### DATA FOR REVIEW
--- START ---

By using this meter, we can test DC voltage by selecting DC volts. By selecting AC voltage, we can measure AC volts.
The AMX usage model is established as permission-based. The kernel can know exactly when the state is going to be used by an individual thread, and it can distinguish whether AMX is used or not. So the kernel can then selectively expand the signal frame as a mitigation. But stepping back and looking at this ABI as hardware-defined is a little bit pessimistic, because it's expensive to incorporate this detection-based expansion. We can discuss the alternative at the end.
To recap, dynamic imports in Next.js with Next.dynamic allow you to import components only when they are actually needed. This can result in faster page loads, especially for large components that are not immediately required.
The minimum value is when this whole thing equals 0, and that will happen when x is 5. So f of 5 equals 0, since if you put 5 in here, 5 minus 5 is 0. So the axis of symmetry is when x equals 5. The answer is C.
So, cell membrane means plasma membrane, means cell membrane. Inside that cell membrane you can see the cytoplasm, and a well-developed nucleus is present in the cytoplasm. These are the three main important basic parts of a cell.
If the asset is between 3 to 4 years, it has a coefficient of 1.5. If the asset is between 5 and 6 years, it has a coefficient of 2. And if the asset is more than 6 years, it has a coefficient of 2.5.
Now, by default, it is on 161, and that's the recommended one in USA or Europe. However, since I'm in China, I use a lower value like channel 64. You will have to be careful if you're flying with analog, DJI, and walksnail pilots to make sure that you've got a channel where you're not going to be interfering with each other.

--- END ---
--- START ---

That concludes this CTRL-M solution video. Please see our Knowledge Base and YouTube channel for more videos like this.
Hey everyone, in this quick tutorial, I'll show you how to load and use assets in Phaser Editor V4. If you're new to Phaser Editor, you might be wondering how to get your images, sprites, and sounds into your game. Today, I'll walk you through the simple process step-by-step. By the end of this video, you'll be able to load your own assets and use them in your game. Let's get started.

--- END ---
--- START ---

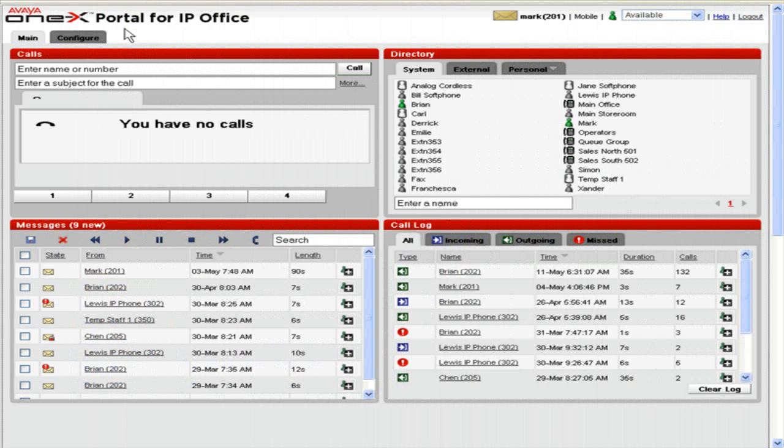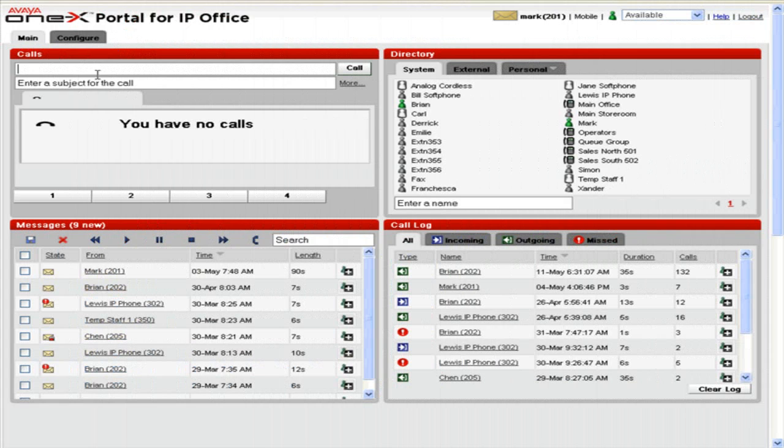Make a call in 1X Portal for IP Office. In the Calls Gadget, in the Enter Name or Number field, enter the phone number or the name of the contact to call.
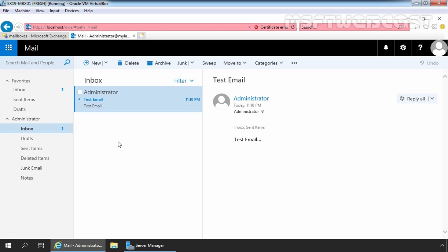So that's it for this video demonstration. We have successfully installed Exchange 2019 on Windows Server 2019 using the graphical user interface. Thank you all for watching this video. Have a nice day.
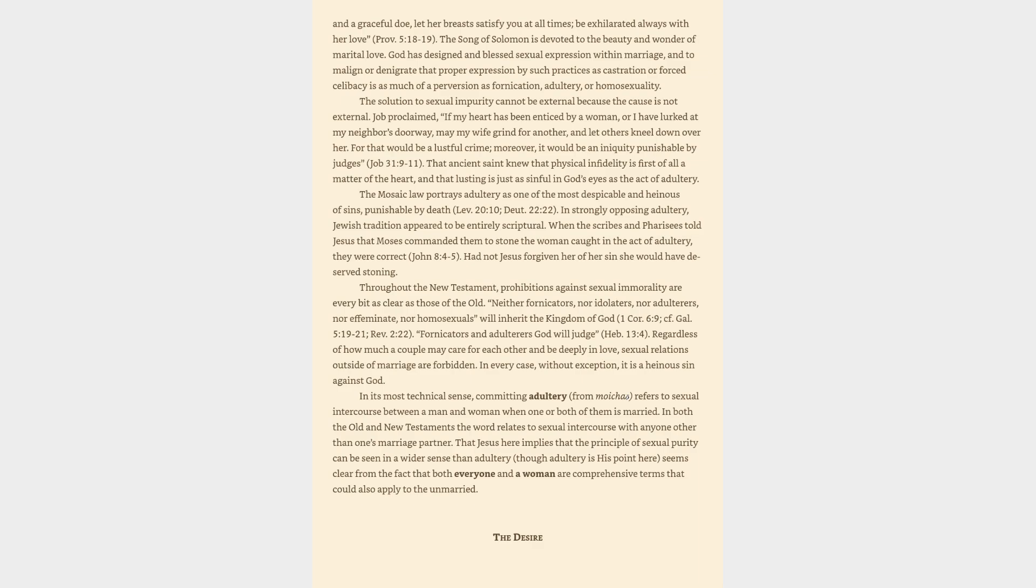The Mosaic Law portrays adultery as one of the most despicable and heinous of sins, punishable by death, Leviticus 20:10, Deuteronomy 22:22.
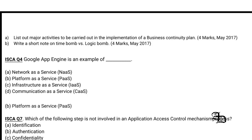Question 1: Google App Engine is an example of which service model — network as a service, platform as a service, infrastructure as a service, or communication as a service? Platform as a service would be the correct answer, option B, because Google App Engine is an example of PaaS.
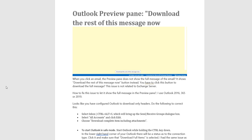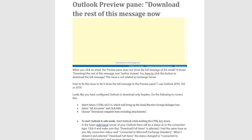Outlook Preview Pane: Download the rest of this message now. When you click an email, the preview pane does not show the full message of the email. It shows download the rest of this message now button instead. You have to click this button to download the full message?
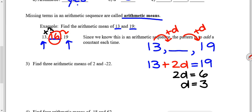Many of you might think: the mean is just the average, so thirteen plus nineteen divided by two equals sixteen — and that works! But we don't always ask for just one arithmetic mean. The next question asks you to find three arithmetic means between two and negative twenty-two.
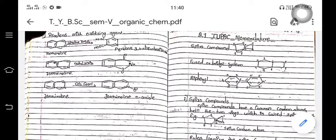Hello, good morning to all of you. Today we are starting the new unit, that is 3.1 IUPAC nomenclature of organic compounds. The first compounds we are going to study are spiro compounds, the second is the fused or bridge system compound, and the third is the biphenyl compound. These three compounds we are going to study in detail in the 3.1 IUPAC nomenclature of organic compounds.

--- END ---

### TASK
From the entries, report every line in which the string "with" occurs.

### SOLUTION FOR THIS TASK
To recap, dynamic imports in Next.js with Next.dynamic allow you to import components only when they are actually needed. This can result in faster page loads, especially for large components that are not immediately required.
Now, by default, it is on 161, and that's the recommended one in USA or Europe. However, since I'm in China, I use a lower value like channel 64. You will have to be careful if you're flying with analog, DJI, and walksnail pilots to make sure that you've got a channel where you're not going to be interfering with each other.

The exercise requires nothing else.